→ **Activity**
Restate word for word the lines of the entries below, starting with the line that holds "Ideal Brown Velvet Wingback Bed (Queen Size)" and ending with the line that holds "Crush Cancer Style", and no others.

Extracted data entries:
--------------------------------------------------

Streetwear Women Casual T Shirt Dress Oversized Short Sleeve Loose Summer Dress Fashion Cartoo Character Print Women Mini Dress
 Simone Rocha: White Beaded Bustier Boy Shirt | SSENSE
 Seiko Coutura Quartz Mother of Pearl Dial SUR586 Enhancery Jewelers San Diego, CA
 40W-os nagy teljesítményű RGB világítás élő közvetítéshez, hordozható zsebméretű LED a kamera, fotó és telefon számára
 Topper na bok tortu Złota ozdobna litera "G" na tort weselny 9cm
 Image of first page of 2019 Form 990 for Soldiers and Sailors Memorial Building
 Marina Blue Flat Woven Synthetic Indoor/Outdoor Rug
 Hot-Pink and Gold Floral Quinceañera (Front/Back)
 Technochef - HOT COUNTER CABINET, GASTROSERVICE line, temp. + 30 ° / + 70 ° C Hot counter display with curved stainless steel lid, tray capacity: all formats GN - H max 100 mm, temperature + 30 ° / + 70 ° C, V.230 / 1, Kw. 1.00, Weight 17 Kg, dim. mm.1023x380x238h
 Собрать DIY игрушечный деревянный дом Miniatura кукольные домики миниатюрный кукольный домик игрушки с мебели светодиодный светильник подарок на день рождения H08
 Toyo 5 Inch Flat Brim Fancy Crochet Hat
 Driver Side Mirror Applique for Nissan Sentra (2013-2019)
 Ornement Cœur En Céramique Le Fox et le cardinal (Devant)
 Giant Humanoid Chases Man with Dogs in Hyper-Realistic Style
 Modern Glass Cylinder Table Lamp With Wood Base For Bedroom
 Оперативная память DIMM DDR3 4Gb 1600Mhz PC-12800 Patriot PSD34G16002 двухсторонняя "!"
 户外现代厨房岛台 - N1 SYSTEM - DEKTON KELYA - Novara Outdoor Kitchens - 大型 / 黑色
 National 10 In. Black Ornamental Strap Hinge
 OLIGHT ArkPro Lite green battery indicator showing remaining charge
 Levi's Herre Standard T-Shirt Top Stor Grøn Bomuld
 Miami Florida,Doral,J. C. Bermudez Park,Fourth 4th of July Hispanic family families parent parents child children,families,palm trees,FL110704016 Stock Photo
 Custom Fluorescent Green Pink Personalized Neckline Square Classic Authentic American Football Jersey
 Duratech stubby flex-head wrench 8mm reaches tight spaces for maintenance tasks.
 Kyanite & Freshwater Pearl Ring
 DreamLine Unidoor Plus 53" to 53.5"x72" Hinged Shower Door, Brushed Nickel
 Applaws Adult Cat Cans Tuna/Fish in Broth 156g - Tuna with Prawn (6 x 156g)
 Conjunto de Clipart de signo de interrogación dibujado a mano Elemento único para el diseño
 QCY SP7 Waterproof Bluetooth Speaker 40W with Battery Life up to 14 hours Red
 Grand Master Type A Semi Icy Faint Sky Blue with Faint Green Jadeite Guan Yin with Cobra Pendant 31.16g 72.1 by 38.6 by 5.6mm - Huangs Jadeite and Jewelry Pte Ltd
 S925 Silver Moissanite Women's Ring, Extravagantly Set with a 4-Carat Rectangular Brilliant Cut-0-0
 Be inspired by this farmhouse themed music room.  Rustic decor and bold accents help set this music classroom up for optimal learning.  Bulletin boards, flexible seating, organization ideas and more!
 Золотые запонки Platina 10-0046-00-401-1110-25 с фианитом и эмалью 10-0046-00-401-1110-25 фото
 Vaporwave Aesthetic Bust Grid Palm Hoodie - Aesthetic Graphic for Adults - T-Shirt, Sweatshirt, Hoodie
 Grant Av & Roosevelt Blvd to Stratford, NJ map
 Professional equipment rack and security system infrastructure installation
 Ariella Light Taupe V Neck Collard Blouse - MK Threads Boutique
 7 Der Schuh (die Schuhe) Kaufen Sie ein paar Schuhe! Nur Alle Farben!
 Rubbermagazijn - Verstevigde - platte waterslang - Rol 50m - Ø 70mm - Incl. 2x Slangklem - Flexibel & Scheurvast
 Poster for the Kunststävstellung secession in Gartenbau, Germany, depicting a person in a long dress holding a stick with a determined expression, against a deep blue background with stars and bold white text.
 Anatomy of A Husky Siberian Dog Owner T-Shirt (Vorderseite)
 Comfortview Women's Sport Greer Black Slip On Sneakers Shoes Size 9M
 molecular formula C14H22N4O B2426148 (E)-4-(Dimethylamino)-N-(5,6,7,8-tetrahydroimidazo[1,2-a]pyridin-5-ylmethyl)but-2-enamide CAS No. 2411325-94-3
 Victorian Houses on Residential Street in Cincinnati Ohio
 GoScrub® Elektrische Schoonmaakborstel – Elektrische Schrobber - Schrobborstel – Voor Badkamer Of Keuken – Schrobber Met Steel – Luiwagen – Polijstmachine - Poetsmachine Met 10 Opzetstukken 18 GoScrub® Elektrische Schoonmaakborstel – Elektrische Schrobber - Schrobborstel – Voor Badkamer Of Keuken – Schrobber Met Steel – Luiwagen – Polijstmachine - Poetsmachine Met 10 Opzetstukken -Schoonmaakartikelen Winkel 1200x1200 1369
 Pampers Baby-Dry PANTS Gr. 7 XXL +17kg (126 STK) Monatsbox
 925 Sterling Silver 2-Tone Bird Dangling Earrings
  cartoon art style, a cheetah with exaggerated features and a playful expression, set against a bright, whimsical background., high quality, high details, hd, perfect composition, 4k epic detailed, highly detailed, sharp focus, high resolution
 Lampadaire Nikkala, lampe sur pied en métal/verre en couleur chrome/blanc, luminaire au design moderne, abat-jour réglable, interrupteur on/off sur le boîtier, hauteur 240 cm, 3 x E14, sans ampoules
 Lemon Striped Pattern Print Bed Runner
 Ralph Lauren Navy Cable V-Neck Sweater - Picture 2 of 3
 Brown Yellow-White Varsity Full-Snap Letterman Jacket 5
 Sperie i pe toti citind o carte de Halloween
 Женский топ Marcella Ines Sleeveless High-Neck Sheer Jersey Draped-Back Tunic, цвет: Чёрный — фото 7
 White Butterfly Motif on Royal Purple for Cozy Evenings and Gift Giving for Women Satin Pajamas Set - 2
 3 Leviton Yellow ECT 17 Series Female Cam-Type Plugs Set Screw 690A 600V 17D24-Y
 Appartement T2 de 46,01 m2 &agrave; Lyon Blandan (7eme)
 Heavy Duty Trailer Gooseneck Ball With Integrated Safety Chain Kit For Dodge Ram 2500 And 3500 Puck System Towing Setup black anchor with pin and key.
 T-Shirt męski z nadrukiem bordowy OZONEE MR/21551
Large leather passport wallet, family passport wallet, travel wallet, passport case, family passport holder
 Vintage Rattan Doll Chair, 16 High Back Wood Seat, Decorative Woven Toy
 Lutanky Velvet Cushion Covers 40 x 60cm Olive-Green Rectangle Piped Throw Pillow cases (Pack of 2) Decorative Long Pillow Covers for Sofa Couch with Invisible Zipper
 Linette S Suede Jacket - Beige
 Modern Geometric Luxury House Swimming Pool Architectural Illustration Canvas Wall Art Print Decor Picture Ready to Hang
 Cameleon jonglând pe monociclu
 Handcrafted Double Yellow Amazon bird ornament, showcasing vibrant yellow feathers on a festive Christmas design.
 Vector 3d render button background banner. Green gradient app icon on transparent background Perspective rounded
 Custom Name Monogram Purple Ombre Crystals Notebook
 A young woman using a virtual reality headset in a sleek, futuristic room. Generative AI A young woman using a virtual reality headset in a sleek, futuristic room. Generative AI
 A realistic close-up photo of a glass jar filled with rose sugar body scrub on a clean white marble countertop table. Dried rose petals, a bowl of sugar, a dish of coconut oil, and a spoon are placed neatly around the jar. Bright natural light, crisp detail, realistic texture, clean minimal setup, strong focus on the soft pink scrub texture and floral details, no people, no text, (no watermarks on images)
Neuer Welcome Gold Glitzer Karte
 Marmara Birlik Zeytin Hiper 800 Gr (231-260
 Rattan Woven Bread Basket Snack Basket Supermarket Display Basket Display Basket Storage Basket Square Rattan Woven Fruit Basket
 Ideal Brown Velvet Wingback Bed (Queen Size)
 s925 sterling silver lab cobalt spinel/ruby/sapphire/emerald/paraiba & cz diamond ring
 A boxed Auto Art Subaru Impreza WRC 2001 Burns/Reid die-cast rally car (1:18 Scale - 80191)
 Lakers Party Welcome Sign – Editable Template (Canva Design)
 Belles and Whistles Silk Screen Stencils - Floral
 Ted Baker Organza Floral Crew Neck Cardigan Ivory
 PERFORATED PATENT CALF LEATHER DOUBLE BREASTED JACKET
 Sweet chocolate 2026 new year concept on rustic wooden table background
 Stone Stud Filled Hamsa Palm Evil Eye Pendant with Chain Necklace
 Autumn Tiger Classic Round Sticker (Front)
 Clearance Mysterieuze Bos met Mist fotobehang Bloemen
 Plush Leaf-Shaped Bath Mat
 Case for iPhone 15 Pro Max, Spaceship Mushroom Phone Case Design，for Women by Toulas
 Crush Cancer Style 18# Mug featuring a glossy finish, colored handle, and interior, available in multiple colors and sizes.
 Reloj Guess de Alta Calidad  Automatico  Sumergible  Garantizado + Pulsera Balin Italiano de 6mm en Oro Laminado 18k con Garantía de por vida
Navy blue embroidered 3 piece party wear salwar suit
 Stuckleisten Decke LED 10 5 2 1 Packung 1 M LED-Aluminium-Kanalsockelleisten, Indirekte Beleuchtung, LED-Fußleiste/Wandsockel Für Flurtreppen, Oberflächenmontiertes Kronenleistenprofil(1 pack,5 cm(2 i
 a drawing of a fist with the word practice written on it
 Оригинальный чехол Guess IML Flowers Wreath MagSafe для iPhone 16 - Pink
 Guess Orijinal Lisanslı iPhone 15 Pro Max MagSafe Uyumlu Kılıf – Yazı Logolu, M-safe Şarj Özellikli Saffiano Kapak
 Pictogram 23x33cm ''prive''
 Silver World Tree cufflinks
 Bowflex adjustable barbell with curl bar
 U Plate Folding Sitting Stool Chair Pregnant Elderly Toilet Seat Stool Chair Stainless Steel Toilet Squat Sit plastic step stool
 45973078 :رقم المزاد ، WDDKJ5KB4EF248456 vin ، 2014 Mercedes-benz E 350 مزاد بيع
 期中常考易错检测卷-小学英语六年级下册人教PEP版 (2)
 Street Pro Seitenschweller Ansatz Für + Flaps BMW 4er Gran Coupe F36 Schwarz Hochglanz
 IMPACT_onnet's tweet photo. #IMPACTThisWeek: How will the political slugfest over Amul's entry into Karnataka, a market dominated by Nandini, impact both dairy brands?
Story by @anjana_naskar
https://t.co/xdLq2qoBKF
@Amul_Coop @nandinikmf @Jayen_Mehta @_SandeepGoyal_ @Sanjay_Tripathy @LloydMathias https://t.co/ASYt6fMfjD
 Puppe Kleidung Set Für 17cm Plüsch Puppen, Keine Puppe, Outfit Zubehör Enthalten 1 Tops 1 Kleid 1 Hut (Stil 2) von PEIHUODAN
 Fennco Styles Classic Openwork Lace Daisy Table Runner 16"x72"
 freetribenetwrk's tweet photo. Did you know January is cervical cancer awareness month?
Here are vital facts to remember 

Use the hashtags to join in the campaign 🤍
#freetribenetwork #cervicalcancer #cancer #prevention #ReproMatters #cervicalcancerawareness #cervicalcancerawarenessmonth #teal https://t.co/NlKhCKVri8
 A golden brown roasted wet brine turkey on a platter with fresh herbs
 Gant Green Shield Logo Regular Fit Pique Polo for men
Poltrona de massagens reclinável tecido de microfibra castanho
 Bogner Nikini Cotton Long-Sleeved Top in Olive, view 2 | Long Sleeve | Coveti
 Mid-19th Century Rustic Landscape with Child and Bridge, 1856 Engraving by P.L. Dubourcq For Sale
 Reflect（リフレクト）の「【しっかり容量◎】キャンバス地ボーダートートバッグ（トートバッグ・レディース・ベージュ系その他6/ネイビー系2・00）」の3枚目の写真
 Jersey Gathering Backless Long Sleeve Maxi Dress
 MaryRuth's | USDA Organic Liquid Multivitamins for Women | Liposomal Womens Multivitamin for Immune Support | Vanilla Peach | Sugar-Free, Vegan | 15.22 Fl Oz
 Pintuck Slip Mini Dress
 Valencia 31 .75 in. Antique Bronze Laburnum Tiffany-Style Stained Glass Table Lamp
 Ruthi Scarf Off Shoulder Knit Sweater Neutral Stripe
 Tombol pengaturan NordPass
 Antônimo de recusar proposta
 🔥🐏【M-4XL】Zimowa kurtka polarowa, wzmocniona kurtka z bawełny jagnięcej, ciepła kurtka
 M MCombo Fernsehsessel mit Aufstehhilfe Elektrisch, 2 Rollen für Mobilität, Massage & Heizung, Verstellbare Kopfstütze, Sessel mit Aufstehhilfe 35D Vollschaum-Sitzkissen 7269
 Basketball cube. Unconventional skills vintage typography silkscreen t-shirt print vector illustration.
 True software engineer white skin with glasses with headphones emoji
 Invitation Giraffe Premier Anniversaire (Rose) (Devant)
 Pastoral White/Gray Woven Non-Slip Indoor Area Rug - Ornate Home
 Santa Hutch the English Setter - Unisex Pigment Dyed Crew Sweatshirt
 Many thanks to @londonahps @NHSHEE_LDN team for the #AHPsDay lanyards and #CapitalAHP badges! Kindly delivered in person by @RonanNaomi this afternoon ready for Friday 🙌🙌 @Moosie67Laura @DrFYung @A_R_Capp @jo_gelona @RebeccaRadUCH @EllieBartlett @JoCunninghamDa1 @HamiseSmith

--------------------------------------------------

→ **Answer to the problem**
 Ideal Brown Velvet Wingback Bed (Queen Size)
 s925 sterling silver lab cobalt spinel/ruby/sapphire/emerald/paraiba & cz diamond ring
 A boxed Auto Art Subaru Impreza WRC 2001 Burns/Reid die-cast rally car (1:18 Scale - 80191)
 Lakers Party Welcome Sign – Editable Template (Canva Design)
 Belles and Whistles Silk Screen Stencils - Floral
 Ted Baker Organza Floral Crew Neck Cardigan Ivory
 PERFORATED PATENT CALF LEATHER DOUBLE BREASTED JACKET
 Sweet chocolate 2026 new year concept on rustic wooden table background
 Stone Stud Filled Hamsa Palm Evil Eye Pendant with Chain Necklace
 Autumn Tiger Classic Round Sticker (Front)
 Clearance Mysterieuze Bos met Mist fotobehang Bloemen
 Plush Leaf-Shaped Bath Mat
 Case for iPhone 15 Pro Max, Spaceship Mushroom Phone Case Design，for Women by Toulas
 Crush Cancer Style 18# Mug featuring a glossy finish, colored handle, and interior, available in multiple colors and sizes.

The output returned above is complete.